From — June 8th, 2020
My newsletter started by accident.
It was Sunday afternoon, and I was hanging out in an online community for startup founders.
Someone just posted the same question for the 1000th time: "I've got a cool product, but nobody knows about it. How do I get customers?"
I didn't have time to answer him.
Instead, I took out my phone, and tweeted: "What if every week I randomly pick one new project, and tell you how I'd grow it?"
I put my phone down and went out for a walk by the lake.
When I got back a few hours later, my screen was buried in notifications. That tweet got a lot of attention; people were crazy about that idea!
I told myself: I guess that's that, I'm going for it!
I quickly set up a landing page, and started collecting email addresses.
I've been a digital marketer for the last 10 years. I've helped different clients grow their businesses, and I grew my own projects. Still, I get excited whenever I see a new online project. My mind starts spinning; I get all kinds of ideas about how to make it grow.
For some reason, it never occurred to me that writing them down could help other people who don't have my experience improve their marketing skills.
The first issue of my newsletter went out 3 months ago to my first 100 subscribers. I was excited like a kid - it was the first side project that had my face on it.
Today, I've passed 700 subscribers. My open rate is over 50%, and my unsubscribe rate is 1%. I've built so many great relationships with people who tune in to read it every week.
But more importantly, I have fun doing it.
This is one of my latest issues. I hope you enjoy it and get a few great ideas for growing your own business.
And if you want, you can subscribe here.
This extended stay at home period is definitely the perfect moment to pick up and read a new book. However, if you are like me, you usually spend way too much time trying to find a gem in the ocean of mediocre titles 📚
Today I’ll take a look at Good Books. Let's get started!
Good Books is a curated collection of book recommendations from the world's most successful people.
The team behind the project analyzed, handpicked and organized thousands of books into categories, with new ones added every month.
When you land on the website, you can really appreciate its slick design.
But the goal isn’t to be beautiful, it’s to make visitors take action… The form must follow function.
Good Books needs to strike a balance between beautiful and high converting.
There is no benefit in the headline. What's in it for a random visitor that landed on the website for the first time?
The USP needs to be crystal clear to minimize the bounce rate. I’d like to see something like: ”Find your perfect next read” or “Discover a book you’ll love.”
Instead of a CTA, there’s a link to the Product Hunt submission.
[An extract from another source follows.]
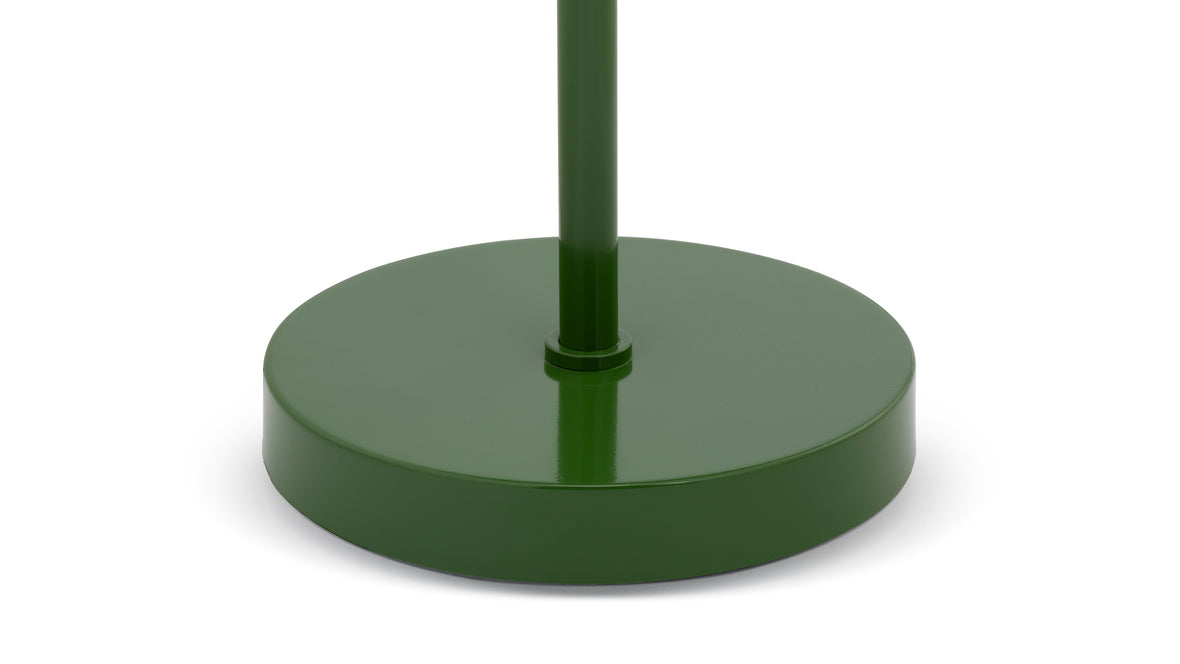 Cille - Cille Floor Lamp, Green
That would be ok only for the PH launch day, but right now, the goal should be sending people from PH to the site, not vice versa.
I’d use a clear CTA like “Start exploring” or “Take a look.”
A lot of space on the homepage was wasted for the aesthetic.
All that space should’ve been used to give the visitor a sense of what the website is all about.
For example, moving the “top recommended books” section up, so visitors can immediately take action.
For a content website like this one, monetization isn’t easy.
Starting with affiliation is probably the wisest choice, although it probably won’t be very lucrative for a while.
Relying 100% on a single partner like Amazon is also quite risky.
Good Books can’t only rely on new traffic. The key is turning as many random visitors as possible into frequent users through email.
Set up different email lists for each category, and motivate people to sign up to get personalized recommendations based on their interests.
In the future, step 2 could be sponsors. Emerging authors would love to get their books in front of a targeted reader base.
Step 3 could be community. Once GB builds a loyal user base, they could offer access to a community of like-minded readers with exclusive benefits.
They had a great PH launch that drove the first batch of traffic, but as with every launch, it went dry after a few weeks. What now?
A website like this can’t afford paid ads. They need to create a system for getting a daily stream of free organic traffic from multiple channels.
The first pillar needs to be word of mouth. It takes work, but works like a charm!
If they create a profile page for everyone considered “successful,” they can play the vanity angle and reach out to them, motivating them to share the page with their followers.
Create a social content strategy that works on all 3 networks: Twitter, IG, and FB. A solo founder has no time to waste.
For example, post the cover of a different book every day, with a quote from the famous person explaining why they recommend that specific book.
Pro tip: If you ask questions, you’ll get love from both followers and social media algorithms.
When a lot of people interact with your posts by answering your questions, your posts are prioritized in other people’s feeds. The snowball effect gives you a lot of reach.
SEO is probably going to be the biggest traffic source in the long term, so GB has a few things to fix.
Before ranking a page, they should map the keywords right.
In this case, some of GB’s pages aren’t going to respond to search intent.
Once the keywords are ok, the question becomes: are GB’s pages better than their competition?
Their pages need more content to exceed the competition.
At least a paragraph explaining what the book is about, and a paragraph with a quote of the famous person’s recommendation.
A blog is a great resource but it should target keywords different from the ones you use in your product and category pages, or you’ll confuse Google.
If you already have a page targeting “best design books,” you don’t want a blog post targeting “essential design books.”
That's it for today. I hope you found it useful!